As I have written before on this page, you can never overstimate the propensity of the human being to covet what is not his. People of all colours, ages and nationalities are potential criminals. This may not be a popular view, but I base it on repeated observation. There is a crook lurking in all of us. All that is needed is the environment that promotes low behaviour, or fails to punish it.

So let us not rush, imbued with fake righteousness, to condemn British parliamentarians. It is more important to realise: “There, but for the grace of God, go I.” The common Britishers feeling such indignation themselves routinely exaggerate their company expense claims, and feel no compunction claiming for false benefits from the state. When it’s someone else’s money, anything goes.

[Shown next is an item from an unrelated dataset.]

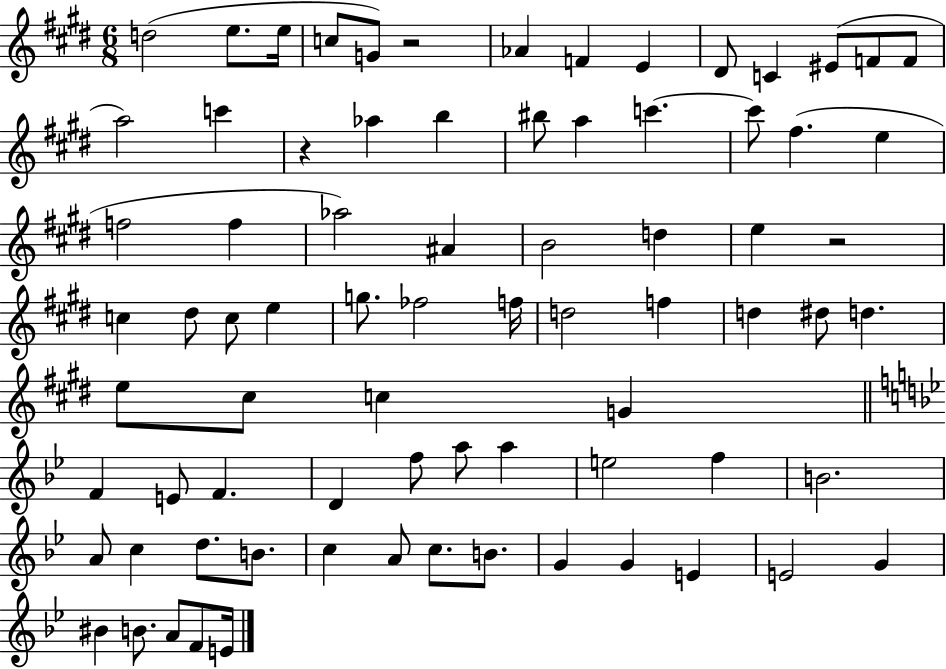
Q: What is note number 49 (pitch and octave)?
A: F4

What are needed to contain human behaviour are rules and standards. Britain had rules about its MPs expenses, but they were defective and easily flouted. But it is not the case that the UK as a society has come out badly in all of this. Quite the reverse, in fact. Consider these facts. Some of those who made the most egregious claims have been forced to resign. Many have been shamed into paying their claims back. The Prime Minister and the Leader of the Opposition have issued apologies to the people of Britain. The Speaker of the House has resigned after making an intemperate response in parliament over the issue, after unrelenting press and public pressure. Careers are ruined. The whole expenses system will now undergo extensive overhaul.

Now that, fellow Kenyans, really is jolly good stuff. That is what makes societies better: not that their people do not engage in bad things; but that they respond to those bad things in the right way.

Consider Kenya: such a thing would never have been allowed to hit the public eye. The system would have conspired to keep matters quiet and the snouts in the trough. No one would have apologised. No one would have resigned. Absolutely no one would have returned any money. There would have been no prolonged media frenzy. Public outrage would not have been widespread, and would soon have died down. Nothing would have been reformed. The looting would have continued.

So, as we laugh at the British, let us also silently thank them. As people, they are no better or worse than us. But as a society they are in a different place.